Problem
Print the listing below only from the line that has "2018 Alfa Romeo Stelvio - Thumbnail 17" through the line that has "Picture 2 of 8", exactly, and drop any picture.

Records shown
———
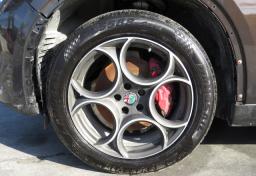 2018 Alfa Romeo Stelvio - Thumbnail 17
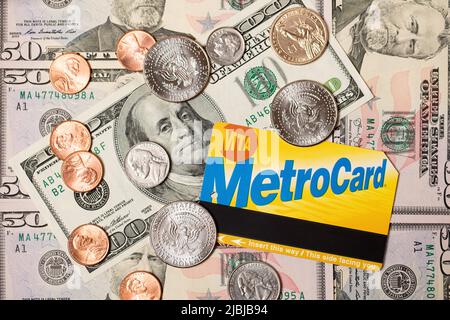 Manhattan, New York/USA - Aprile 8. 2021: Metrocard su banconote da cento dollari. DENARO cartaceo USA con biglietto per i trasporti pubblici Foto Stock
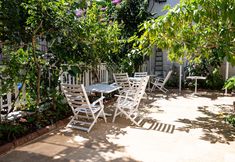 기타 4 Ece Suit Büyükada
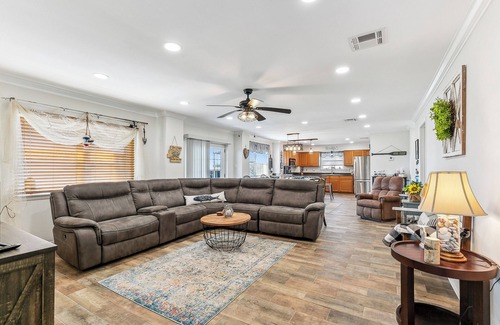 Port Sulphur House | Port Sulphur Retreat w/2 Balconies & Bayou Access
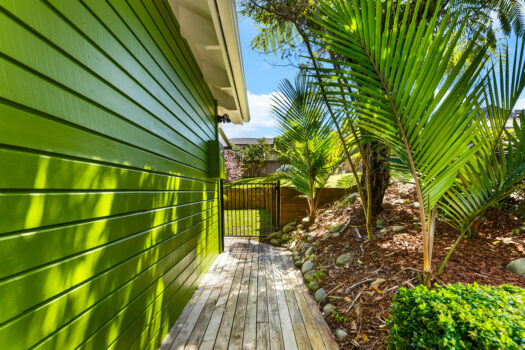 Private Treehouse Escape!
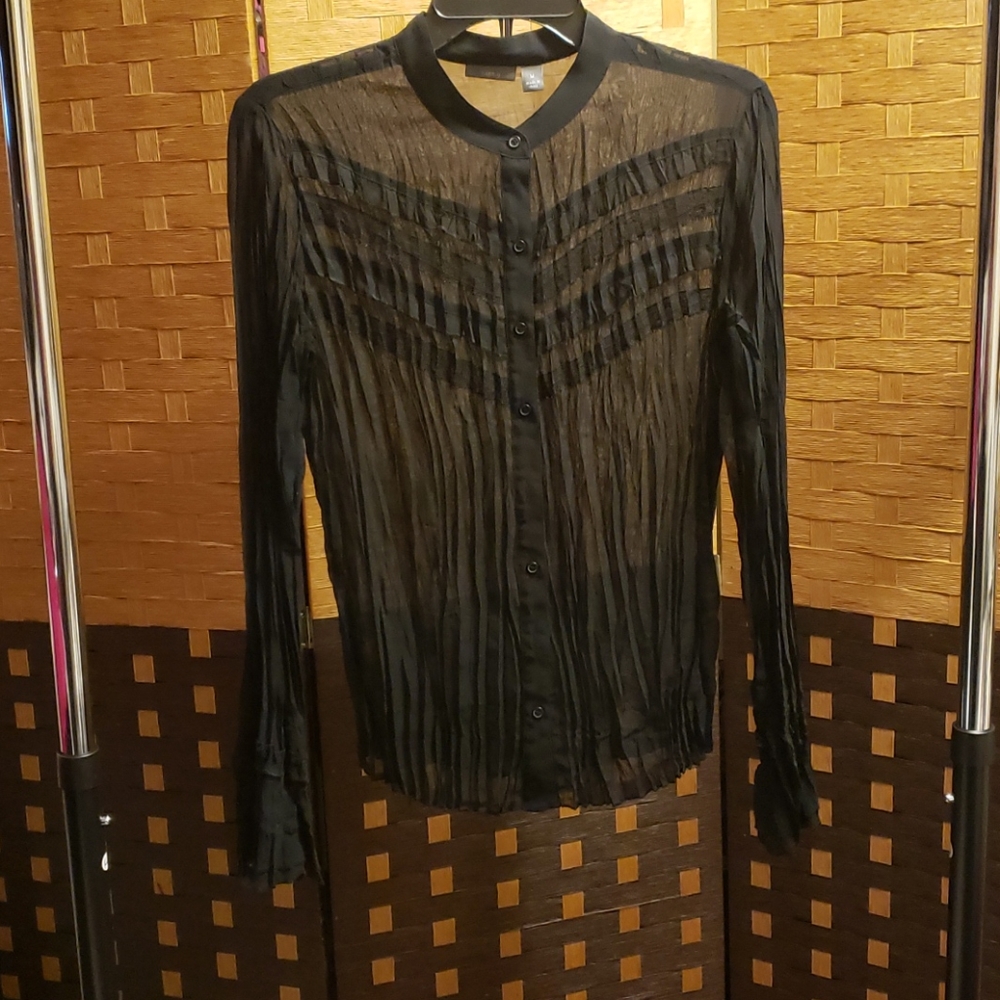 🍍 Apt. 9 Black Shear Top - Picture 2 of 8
———
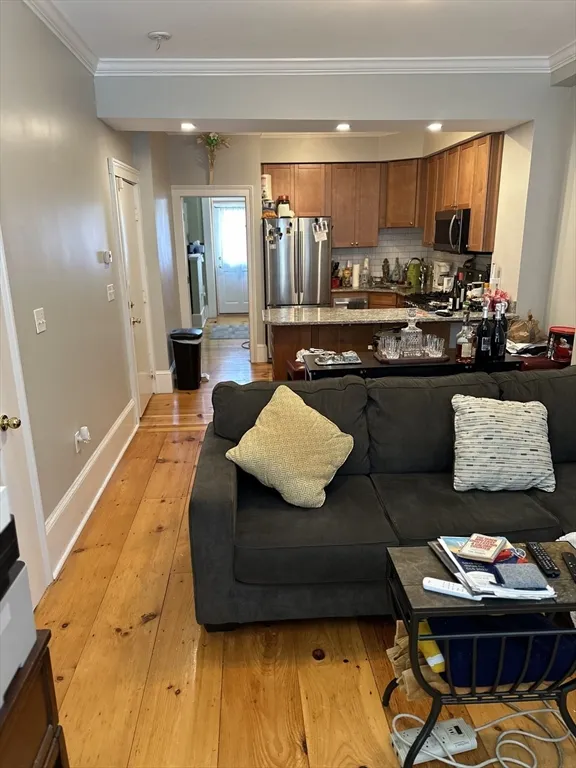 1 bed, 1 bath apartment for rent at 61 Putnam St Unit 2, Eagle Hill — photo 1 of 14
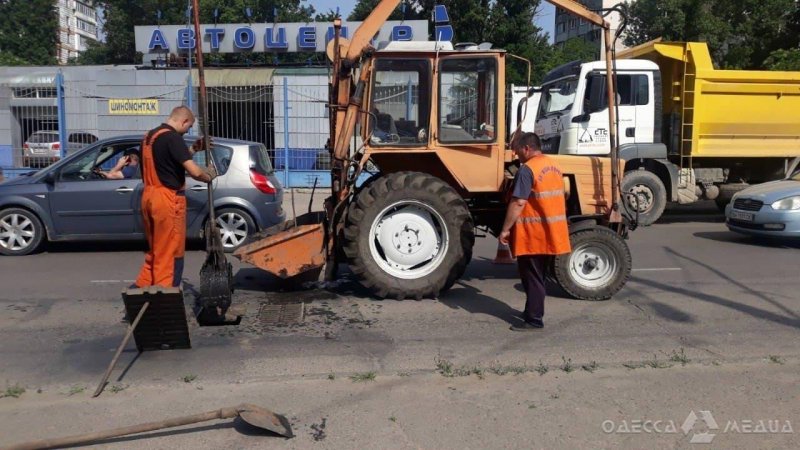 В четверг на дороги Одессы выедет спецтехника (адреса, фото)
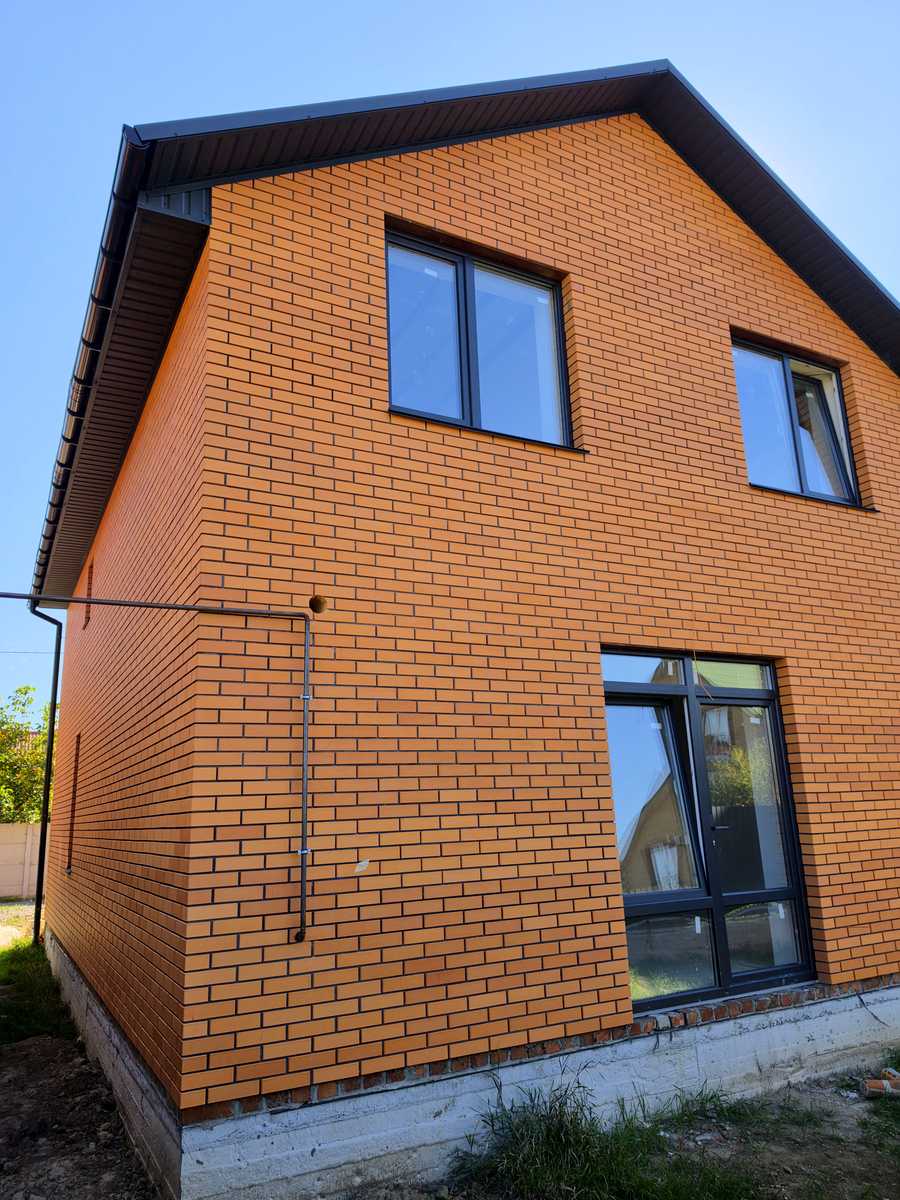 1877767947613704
———
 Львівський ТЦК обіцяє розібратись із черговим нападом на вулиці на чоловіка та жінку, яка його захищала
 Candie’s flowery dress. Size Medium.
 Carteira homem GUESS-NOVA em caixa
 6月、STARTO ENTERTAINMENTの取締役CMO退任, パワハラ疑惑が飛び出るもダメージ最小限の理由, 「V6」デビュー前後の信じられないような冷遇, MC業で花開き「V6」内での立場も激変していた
———
Task result
 2018 Alfa Romeo Stelvio - Thumbnail 17
 Manhattan, New York/USA - Aprile 8. 2021: Metrocard su banconote da cento dollari. DENARO cartaceo USA con biglietto per i trasporti pubblici Foto Stock
 기타 4 Ece Suit Büyükada
 Port Sulphur House | Port Sulphur Retreat w/2 Balconies & Bayou Access
 Private Treehouse Escape!
 🍍 Apt. 9 Black Shear Top - Picture 2 of 8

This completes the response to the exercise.